Während im Februar noch von einer problemlosen Annahme der EU-Verfassung durch eine Mehrheit der Franzosen ausgegangen wurde, zeigten die Werte im März und April ein deutliches Übergewicht des »Nein«. Seit Anfang Mai nun gibt es ein Patt, da die Zahl der Befürworter in vorzugsweise konservativen Wählerschichten bei Unternehmern, Selbstständigen und leitenden Angestellten erkennbar zugenommen hat. Umfragen aus der ersten Maiwoche schwanken zwischen 52 Prozent für das »Nein« und 53 Prozent für ein »Ja«. Dagegen bleiben Widerwille und Skepsis bei der linken Wählerschaft (60 Prozent bei den Anhängern der Sozialisten, 95 bei denen der Kommunisten) unter Arbeitern, Landwirten und mittleren Angestellten ungebrochen.

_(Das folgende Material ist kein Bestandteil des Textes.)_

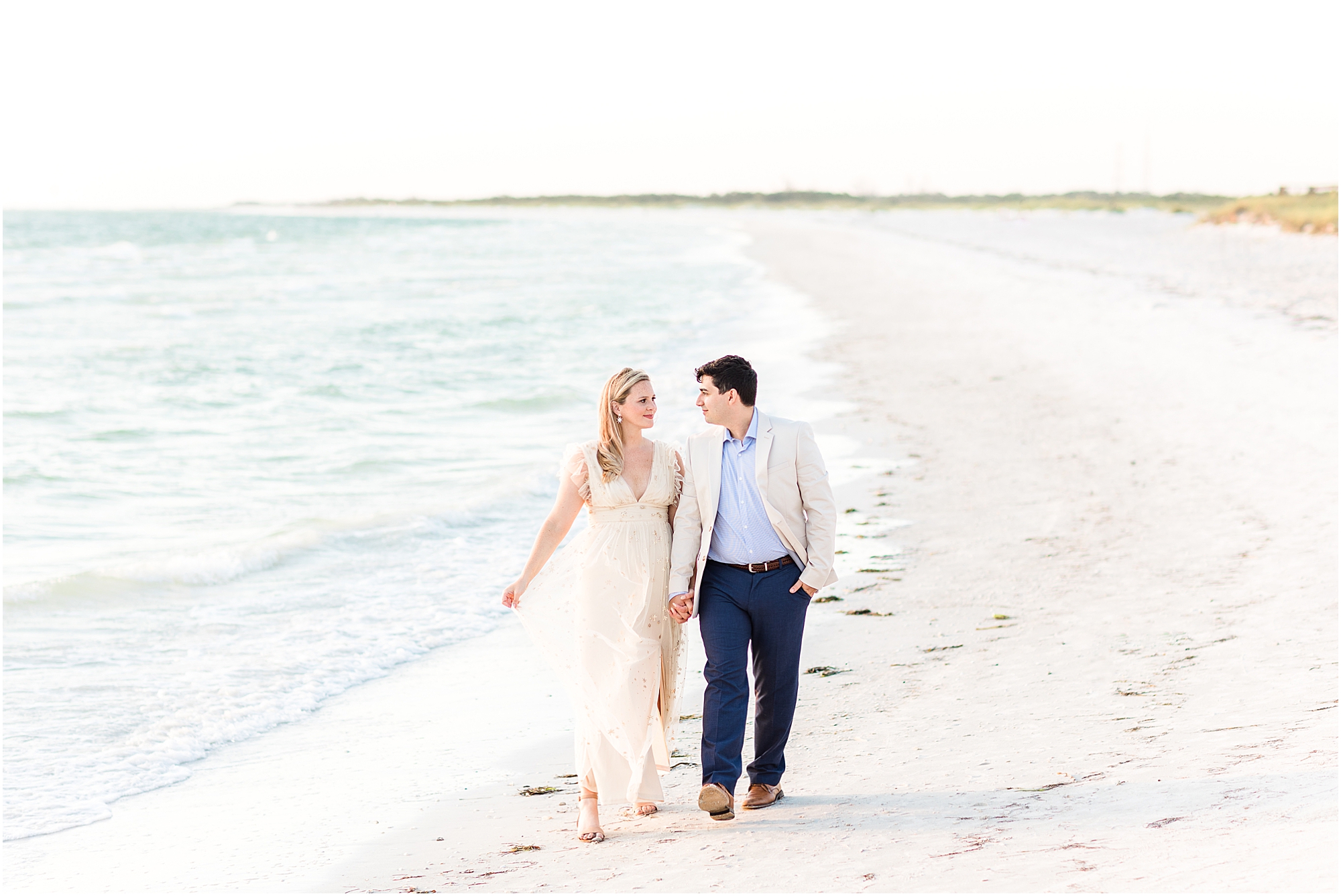 couple walking on the beach at fort desoto in florida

In einem Gastbeitrag für die Zeitung Le Monde vom 3. Mai beschwört ein Dutzend deutscher Schriftsteller, darunter Günter Grass und Jürgen Habermas, die Franzosen, nicht der »populistischen Versuchung« zu erliegen, mit »Nein« zu stimmen und »sich in dem gemeinsamen Bunker rechter Nationalisten und linker Nationalisten zu verkriechen«. Die Franzosen sollten nicht die »Verrücktheit« begehen, ihre Regierung abstrafen zu wollen und »die europäische Verfassung die Konsequenzen erleiden zu lassen«. Denn »Europa kann Eure Regierung, Eure Parteien, Eure Unternehmer und Eure Gewerkschaften dazu zwingen, auf konstruktivere Weise zu denken und zu handeln.« Das muss man sich wirklich auf der Zunge zergehen lassen.